Кардиограмма, сложенная вчетверо, лежит в ящике письменного стола под паспортом и старыми чеками или в кармане куртки — так, чтобы можно было достать. Бумага на сгибах уже мягкая и серая, слова ритм синусовый с краю потёрлись. Её носят месяцами и разворачивают редко, но помнят точно, где она. Обычно это первая вещь, которую мне показывают, и показывают не затем, чтобы я прочитал заключение, а чтобы объяснить главное: врачи смотрели и ничего не нашли.
Сам приступ описывают почти одинаково, независимо от возраста и профессии. Сердце вдруг идёт быстрее, чем позволяет обстановка: в очереди, в вагоне, за рулём на светофоре. Не хватает воздуха, хотя воздух есть; ладони мокрые, ноги ватные, в висках стучит. Следом приходит мысль, что это конец — инфаркт, инсульт, что-то, чего не пережить. Скорая приезжает, снимает плёнку, иногда везёт в приёмный покой. Через сорок минут всё проходит само, и остаётся стыд.
Плёнка при этом чистая, и это не ошибка врача и не его невнимательность. Тело в ту минуту сделало ровно то, на что рассчитано: выбросило адреналин, погнало кровь к мышцам, участило дыхание — полный набор для того, чтобы бежать или драться. Всё сработало штатно и в полную силу, механизм исправен до последней детали. Ошибка была одна, и не в исполнении, а в поводе: сигнал включился там, где бежать было не от кого — на кассе или в вагоне между станциями.
Повод редко лежит в той самой минуте, когда стало плохо. Месяц-полтора до этого обычно оказываются плотными: чей-то диагноз в семье, суд, переезд, работа без выходных — то, что переносят на ногах и событием не считают. Тело держит это молча, а разряжается тогда, когда наконец можно: в метро, в отпуске, в первый спокойный вечер.
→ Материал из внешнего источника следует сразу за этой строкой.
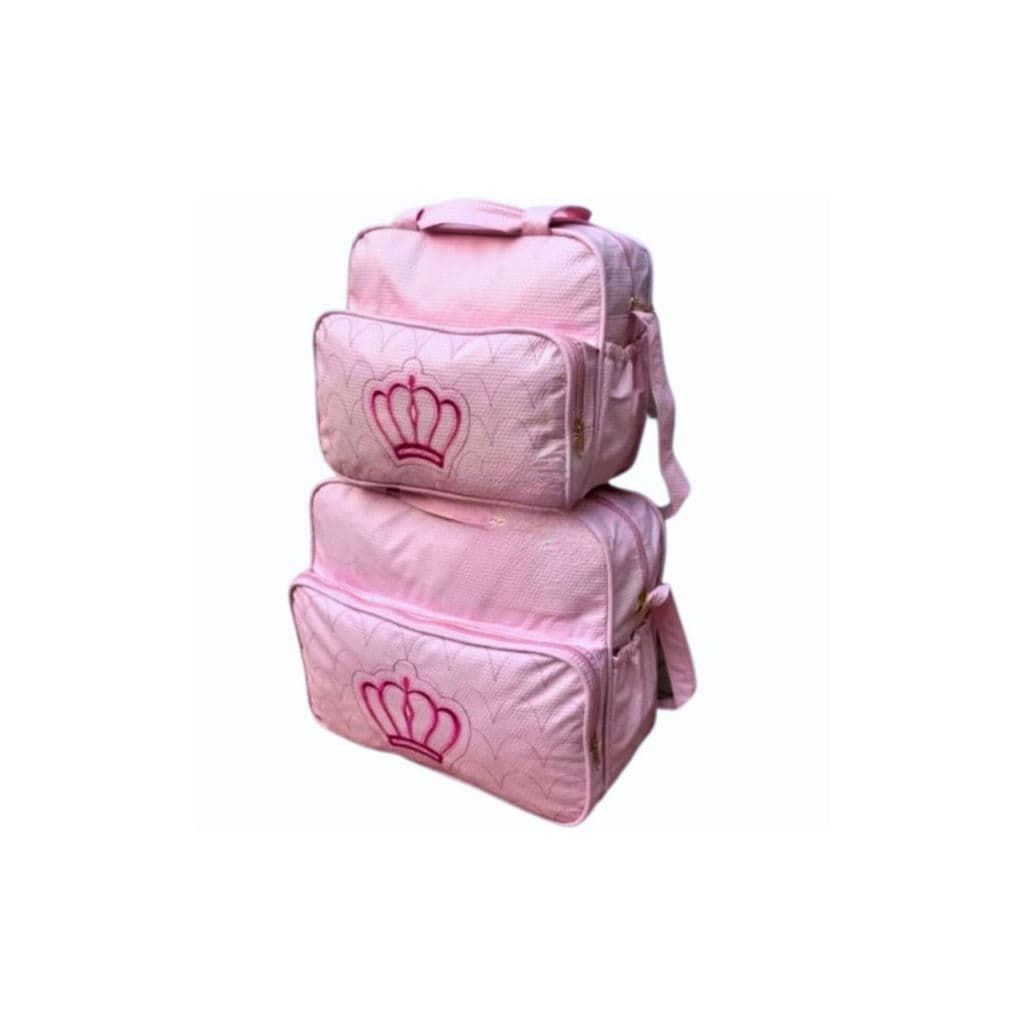 Kit 2 Bolsas Maternidade Coroa - Bolsa E Frasqueira
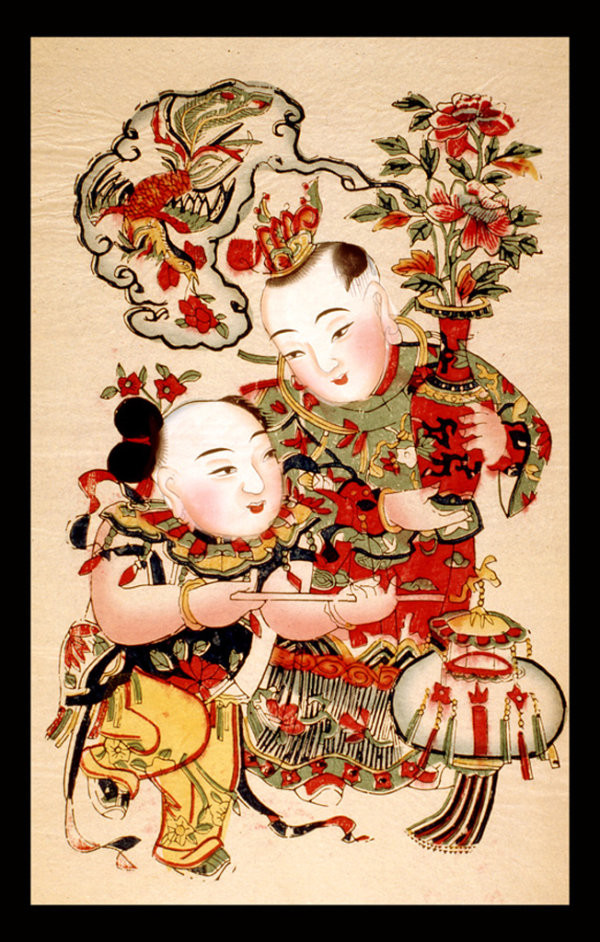 家佳樂(lè)文學(xué)傳統(tǒng)精美色彩艷麗的年畫(huà)（二）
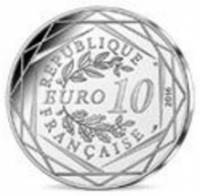 () Монета Франция 2016 год 10 евро ""   Биметалл (Серебро - Ниобиум)  UNC
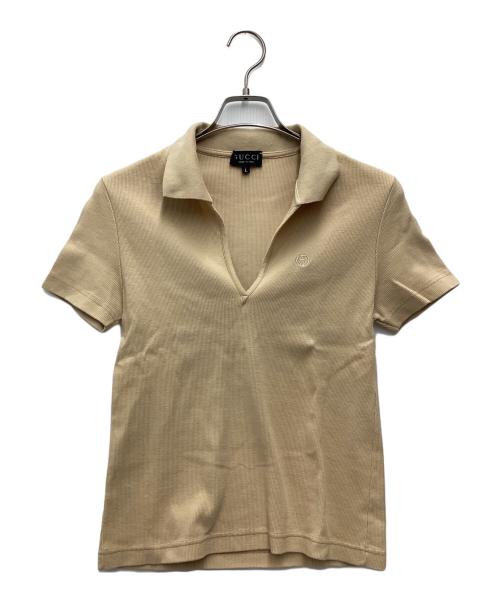 GUCCI（グッチ）GUCCI (グッチ) ポロシャツ ベージュ サイズ:SIZE Lの古着・服飾アイテム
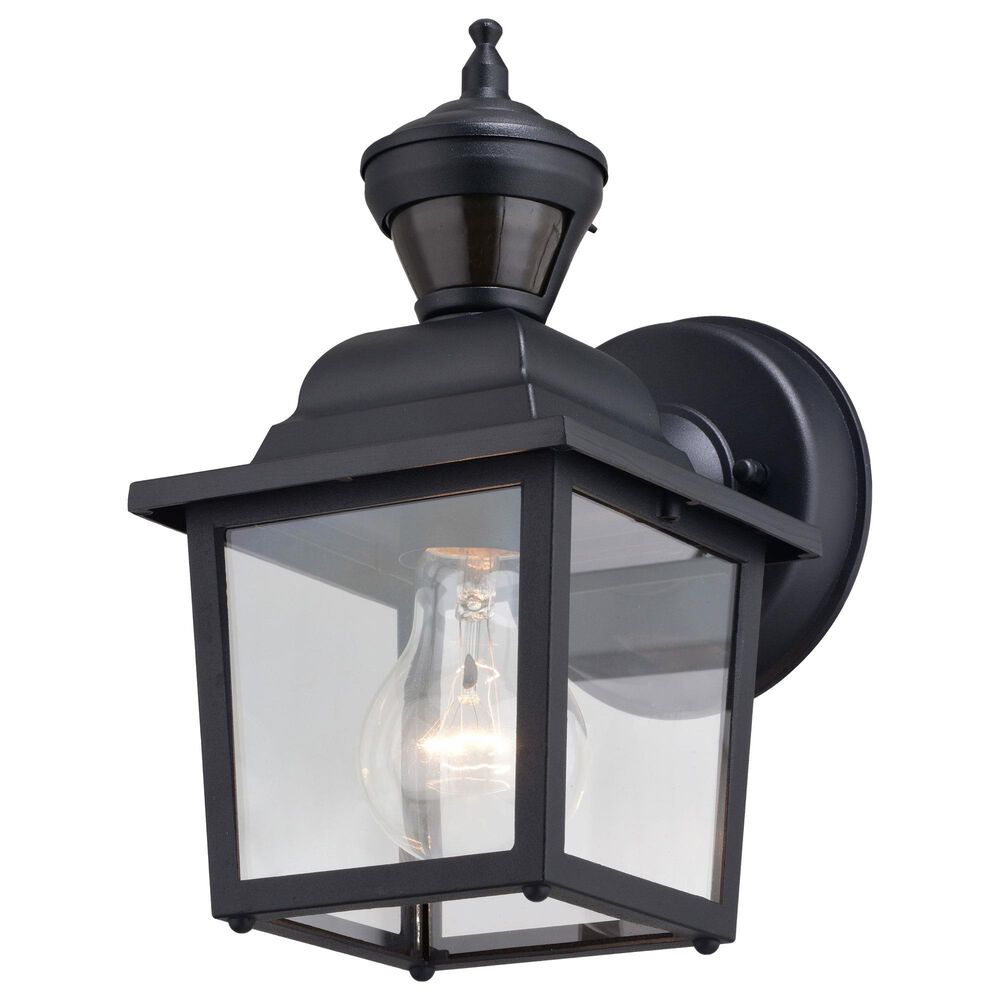 Vaxcel Bedford 5.25" 1-Light Outdoor Motion Sensor Wall Sconce in Textured Black, , large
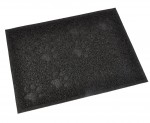 Tapis antiderapant litiere ou repas 30 x 40 cm noir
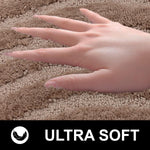 Bath Mat Classic Waves Microfiber 2200 GSM (40x60 cm, Coffee)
Дальше круг замыкается сам — человек начинает прислушиваться к сердцу, находит перебои, пугается находки, и от испуга сердце идёт быстрее.
Приступ проходит за минуты, а то, что начинается после, тянется годами. Сначала обходят один вагон, где прихватило. Потом метро целиком, потом лифты, мосты, кабинет стоматолога, самолёты, любое место, откуда неудобно выйти посреди дела. Каждый обход приносит облегчение немедленно и поэтому закрепляется намертво: в тот раз вы обошли — и обошлось. Тело запоминает не то, что опасности не было, а то, что спасло бегство. Список закрытых мест растёт тихо, месяцами, без единого нового приступа.
Через год-полтора видно уже не тревогу, а расписание. Работу выбирают в пешей доступности, отпуск — там, куда идёт поезд. На встречи ходят с кем-то, кто рядом на всякий случай, в сумке лежат таблетки, которые чаще не пьют, а держат в руке. Человек и сам называет это осторожностью, а иногда характером. Разница в том, что маршрут давно выбирает не человек, а список, и список этот только пополняется: сужает жизнь обход, а не приступ.
Прежде всего это смотрит врач, и смотрит первым. Сердце, щитовидная железа, давление, сахар, лекарства, которые уже принимаются, — всё это даёт похожую картину и проверяется обследованием, а не разговором. Пока проверка не сделана, разбирать нечего. Если состояние не даёт вам жить обычной жизнью — вторую неделю не выходит спать, есть, выйти на работу, — это тоже к врачу, и не через месяц.
Когда сердце проверено, разговор идёт уже не про приступ, а про обходы. Мы разбираем один конкретный маршрут: куда человек перестал ездить, с какого месяца, что было в жизни перед первым разом. Дальше список сокращается по одному пункту, медленно и без геройства: смысл не в том, чтобы перетерпеть на силе воли, а в том, чтобы тело набрало другой опыт — было страшно, никто никуда не убежал, ничего не случилось. Приступы какое-то время ещё приходят, просто перестают отменять день.
Ту самую кардиограмму рано или поздно перестают носить. Замечаю я это обычно не по словам, а по тому, что на вопрос о ней человек не сразу вспоминает, в каком она ящике. Бумага не изменилась и по-прежнему чистая; изменилось то, что она перестала быть доказательством. Пока её носят в кармане, она каждый день подтверждает: опасность где-то близко, иначе зачем справка. Когда она остаётся лежать среди старых чеков, спор с собственным сердцем закончен.